Write back, word for word, the lines from the one containing "Sieninis laikrodis svetainei, tylus, prekės" to the end of the listing below. Include nothing else, and no pictures.

## Provided data
────────────────────────────────────────

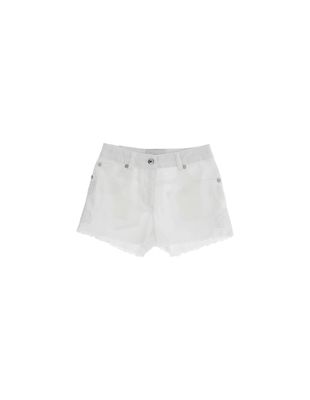 Ermanno Scervino Junior White Denim Shorts With Lace Appliqués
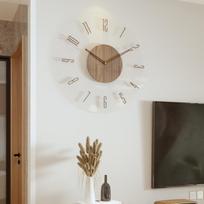 Sieninis laikrodis svetainei, tylus, prekės ženklo kokybės, Nordic minimalistinio stiliaus, grūdinto stiklo laikrodis (as the picture,Diameter  35CM)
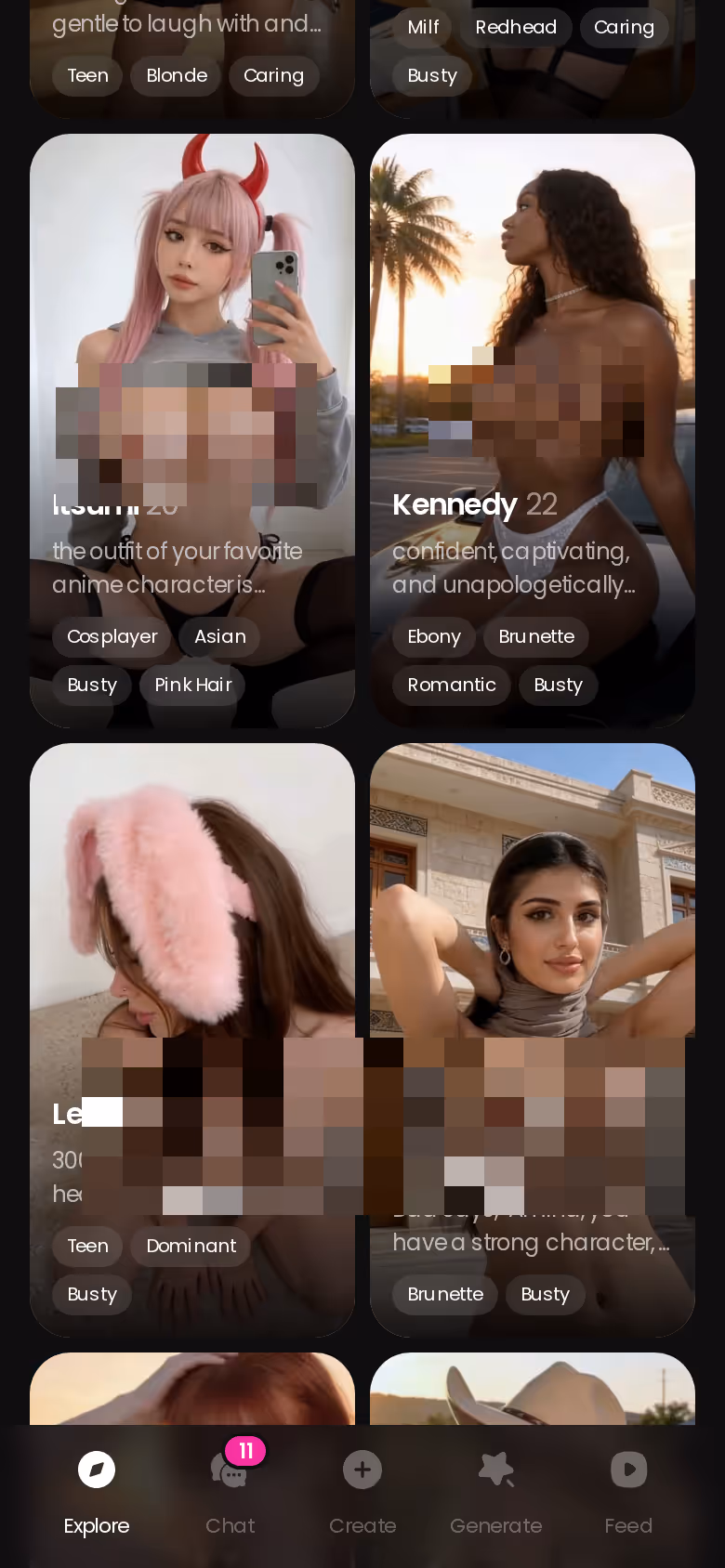 GoLove.ai's Explore roster on mobile — pick a character and the chat opens immediately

────────────────────────────────────────

## Solution to this task
 Sieninis laikrodis svetainei, tylus, prekės ženklo kokybės, Nordic minimalistinio stiliaus, grūdinto stiklo laikrodis (as the picture,Diameter  35CM)
 GoLove.ai's Explore roster on mobile — pick a character and the chat opens immediately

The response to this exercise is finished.